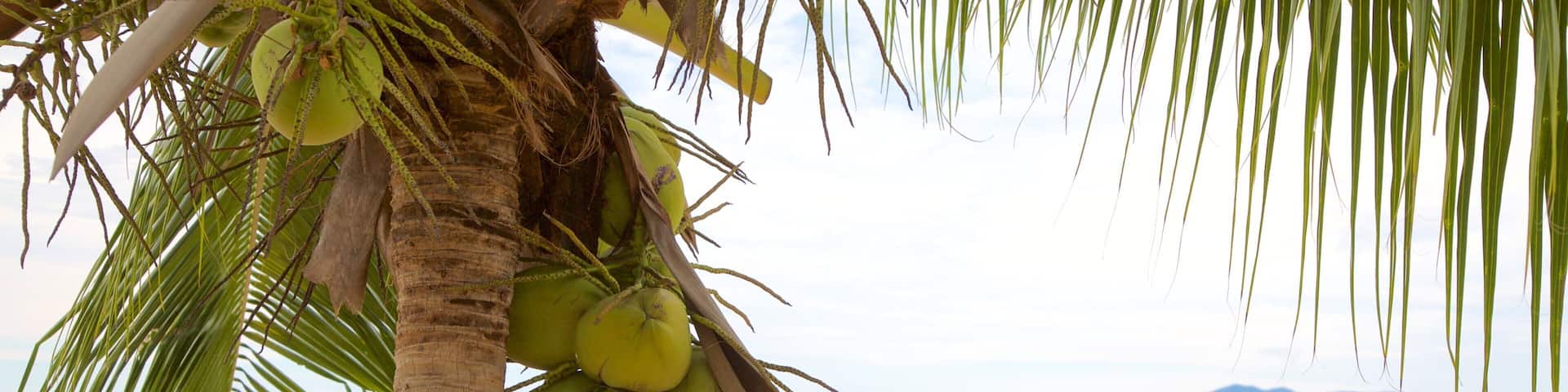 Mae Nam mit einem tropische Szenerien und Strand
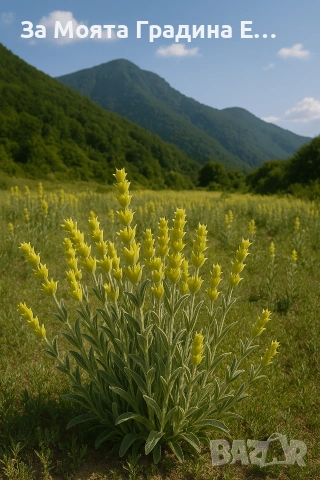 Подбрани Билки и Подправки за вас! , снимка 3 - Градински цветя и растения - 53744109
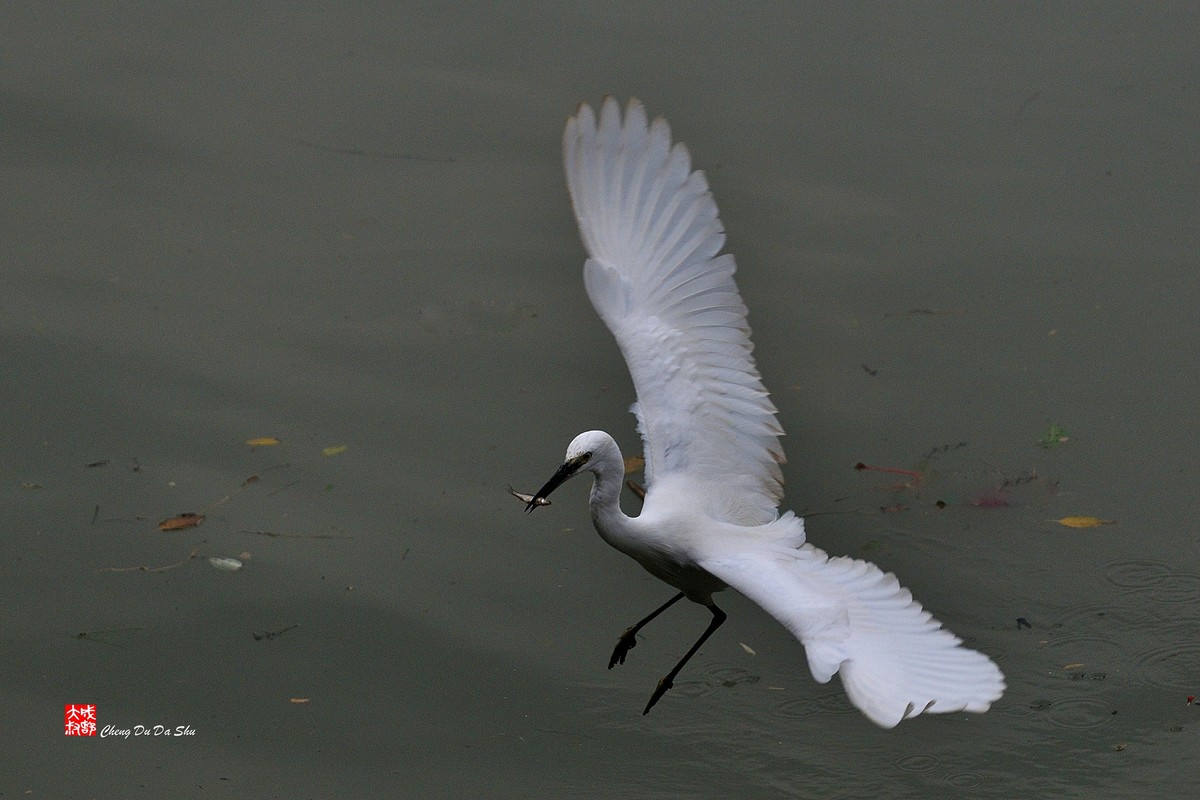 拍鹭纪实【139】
========================================
» **TO DO**:
Restate word for word the lines from the one with "Подбрани Билки и" to the end of the material, both included. Do not include the pictures.

» **RESPONSE TO THE TASK**:
 Подбрани Билки и Подправки за вас! , снимка 3 - Градински цветя и растения - 53744109
 拍鹭纪实【139】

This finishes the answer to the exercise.